Some of the great church Fathers – particularly the Greeks including Origen of Alexandria, Athanasius, Basil, Gregory of Nyssa and the Hesychest monastics went even further in their expectations of conversion of life. They taught and believed in the evolution of the soul into deification or theopoesis which means “becoming godly.” Some might find this a bit much, but as someone who has spent much of my life in Eastern traditions I find this deeply compelling.
I am almost 70 years old and I have been on a spiritual journey for almost my whole life. My conversion experience happened in 1976 when I was in my early twenties. It was at the end of my very first yoga class. I was laying on floor at the end of 90 minutes of twisting myself into a pretzel and suddenly I was overcome with a sense of oneness with everyone and everything. I was in an altered state of consciousness. I think of now as an encounter with the peace that passes all understanding. It was a life-changing experience, and I knew I had to explore this feeling and understand it.
I looked for it in Buddhism which believes that everyone has within them the Buddha Nature and that life is a process of revealing one’s true nature as the Buddha. I spent a ton of time meditating but I never found what I was seeking. Then I got deeply into the spirituality of Yoga which is all about transcending our limitations and becoming one with universal consciousness. I did a lot more meditation but ultimately found this path to be too self-oriented.
Then in 2000 my mom – a good Episcopalian suggested I try church. I didn’t think of Christianity as a deeply spiritual path but I was wrong.
It is amazing to me that young yoga teachers across America are studying unitive consciousness every day. But we Christians seem tentative to claim our own history of spirituality and mysticism.
Take for example the 15th century Italian Saint, Catherine of Genoa, known for her work with the sick and poor is famous for saying, “My deepest me is God.” And every time we recommit to our baptismal covenant don’t we say that we will seek and serve Christ in all people, respecting the dignity of every human being? We seek and serve Christ in all people – we are confirming that God dwells in and with us. That Christ abides with us as we abide in him.
This is essentially the same as the Sanskrit word Namaste that has become the final word in most yoga classes in America and means I bow to the Divine in you as you bow to the Divine in me.

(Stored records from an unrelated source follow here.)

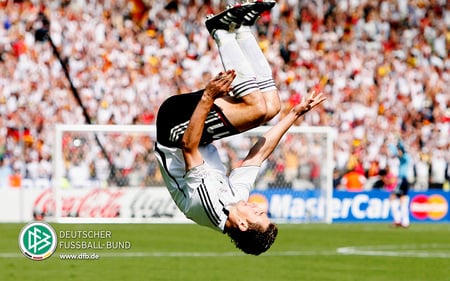 after scoring goal - sports, goal, germany, soccer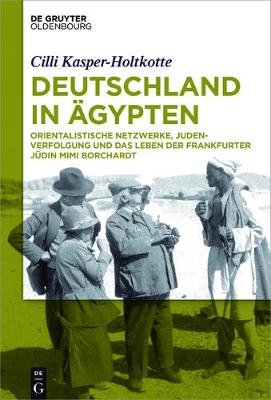 Book cover for Deutschland in AEgypten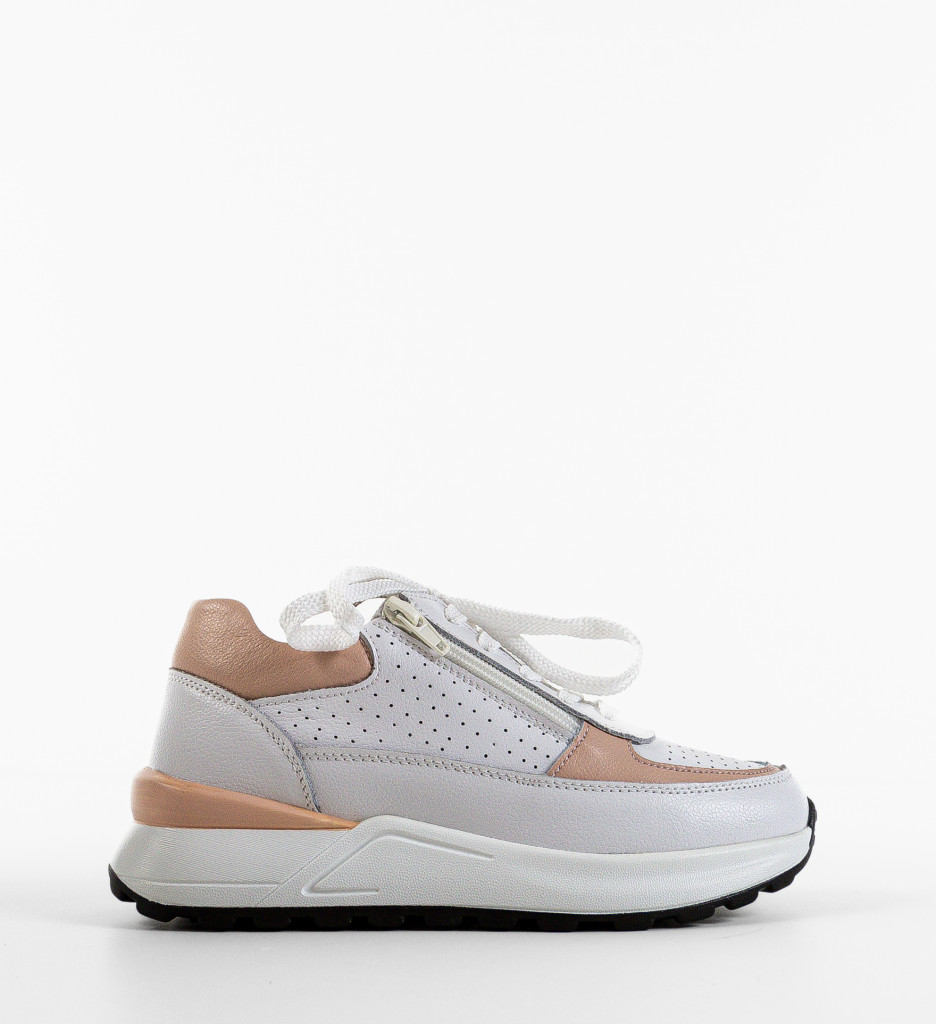 Sneakers Dama Muskk Roz - Stil și Confort - imagine 5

This is our rich Christian spirituality. I feel like we don’t do a good job of owning the depth of our mystical roots, which by the way have more women than any other spiritual path.
Conversion of life seems to be something we can all commit to up to the moment of transition and who knows after that. I bet it will serve us well on the other side. I assume everyone sitting in this lovely church longs for an ever-deeper communion with God and Jesus Christ. I believe our souls thirst for this and propel us into a deeper awareness of God’s presence within us and in all of creation.
Maybe you have a practice of daily devotion that offers you a deep and meaningful journey into communion with God. Maybe you feel your heart growing in the love and knowledge of God and Jesus Christ. Maybe you are ever more filled with the peace that passes all understanding.
As we celebrate the feast of our beloved Saint Benedict who in his great wisdom made conversion of life a core commitment let us honor this path of ever deepening communion with God.
I pray that our on-going conversion of life is helping us all become a little more Christ like every day as we open our hearts to God’s indwelling presence.